In 2005, the Chinese government created a mass surveillance system called Skynet which included more than 20 million cameras. In addition to monitoring the general public, cameras were installed outside mosques in the Xinjiang region, temples in Tibet, and the homes of dissidents. Four years later, the Chinese government began to use mobile apps that allowed private citizens to report security threats and violations. As the tech improved and AI came of age, the Chinese government adopted facial recognition technology, drones, and robot police to monitor its citizens.
In addition to monitoring its own citizens, China supplies AI surveillance technology to sixty-three countries. In that way, it legitimizes its surveillance practices at home and extends the influence of the surveillance state in other countries.
Effects of Constant Surveillance
The erosion of trust is the first casualty of pervasive surveillance. Trust is complex; it includes trust in oneself, other people, and the institutions of society. On the subtle levels of consciousness, energy, and etheric matter, trust depends on the condition of a person’s subtle field. This is the field of consciousness, energy, and etheric matter that interpenetrates a person’s physical-material body.
By eroding trust, a surveillance society interferes with the normal functions of a person’s subtle field by forcing them to become reactive. They must either submit or resist the intrusion of big brother. My research indicates that, in either case, the third chakra’s ability to function as designed will be disrupted.
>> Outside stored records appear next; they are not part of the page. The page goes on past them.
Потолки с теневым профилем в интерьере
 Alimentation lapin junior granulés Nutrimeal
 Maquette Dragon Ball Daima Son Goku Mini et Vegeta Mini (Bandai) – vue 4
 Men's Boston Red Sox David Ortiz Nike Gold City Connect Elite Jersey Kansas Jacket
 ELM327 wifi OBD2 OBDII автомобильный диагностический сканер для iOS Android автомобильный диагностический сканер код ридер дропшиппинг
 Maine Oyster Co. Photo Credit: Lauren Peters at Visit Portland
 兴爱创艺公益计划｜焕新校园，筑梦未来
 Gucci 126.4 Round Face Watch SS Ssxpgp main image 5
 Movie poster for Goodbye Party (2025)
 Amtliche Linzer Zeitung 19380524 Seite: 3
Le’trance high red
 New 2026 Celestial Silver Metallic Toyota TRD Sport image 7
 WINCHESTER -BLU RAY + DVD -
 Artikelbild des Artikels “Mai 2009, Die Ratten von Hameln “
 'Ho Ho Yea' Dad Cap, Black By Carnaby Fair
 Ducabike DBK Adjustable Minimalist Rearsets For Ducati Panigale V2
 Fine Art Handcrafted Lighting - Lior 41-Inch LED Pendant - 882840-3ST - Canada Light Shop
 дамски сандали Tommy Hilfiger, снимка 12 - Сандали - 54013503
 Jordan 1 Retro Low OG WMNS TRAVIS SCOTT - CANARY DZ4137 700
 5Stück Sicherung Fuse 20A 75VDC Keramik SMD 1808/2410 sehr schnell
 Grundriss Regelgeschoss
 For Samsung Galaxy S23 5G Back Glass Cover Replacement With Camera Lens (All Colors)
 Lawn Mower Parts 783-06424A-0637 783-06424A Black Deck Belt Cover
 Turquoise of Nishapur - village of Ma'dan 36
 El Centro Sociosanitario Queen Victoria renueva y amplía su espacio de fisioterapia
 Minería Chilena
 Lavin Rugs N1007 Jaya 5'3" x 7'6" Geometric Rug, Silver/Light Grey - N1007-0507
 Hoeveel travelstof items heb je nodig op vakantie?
The third chakra is located by the solar plexus, and when it can’t function healthfully, feelings of comfort, trust, and belonging will be replaced with pathological anxiety. In societies where surveillance has become pervasive, pathological anxiety can become chronic. This won’t simply erode a person’s trust in themselves, other people, and the institutions of society; it will prevent them from sharing pleasure, love, intimacy, and joy.
The loss of personal privacy, which is a hallmark of a surveillance society, can also disrupt the functions of the second and fifth chakras. These two energy centers are companion chakras, which means they have complementary functions. If their functions have been disrupted by big brother, the surveilled person can be forced to adapt an extreme polar position. This will make them either excessively masculine or excessively feminine. In either case, balance will be disrupted – and that will disrupt the flow of life-affirming energy through their subtle field.
If a person becomes aggressive and defies the will of a surveillance society, they can adopt core values and a life vibration that are self-limiting.
If the individual acquiesces to the will of a surveillance society by becoming overly receptive, their boundaries on the levels of consciousness, energy, and subtle matter will be weakened. That will allow distorted fields to intrude into their subtle field. The intrusion of these foreign fields will disrupt their life vibration and support core values that are self-limiting.
There is a long list of additional symptoms that constant surveillance can create. It can inhibit a person’s ability to express their authentic emotions and feelings, and it can make it difficult for them to stay centering in their personal body space.
If a surveillance society is willing to use violence and intimidation to control the population, it can push citizens with a different world view to worry constantly. This constant mental chatter, known as the internal dialogue, can inhibit a person’s creativity and ability to innovate. In the end, a surveilled person can be forced to permanently alter their behavior, which in turn will restrict their freedom of self-expression on both the physical-material dimension and the subtle dimensions of consciousness, energy, and etheric matter.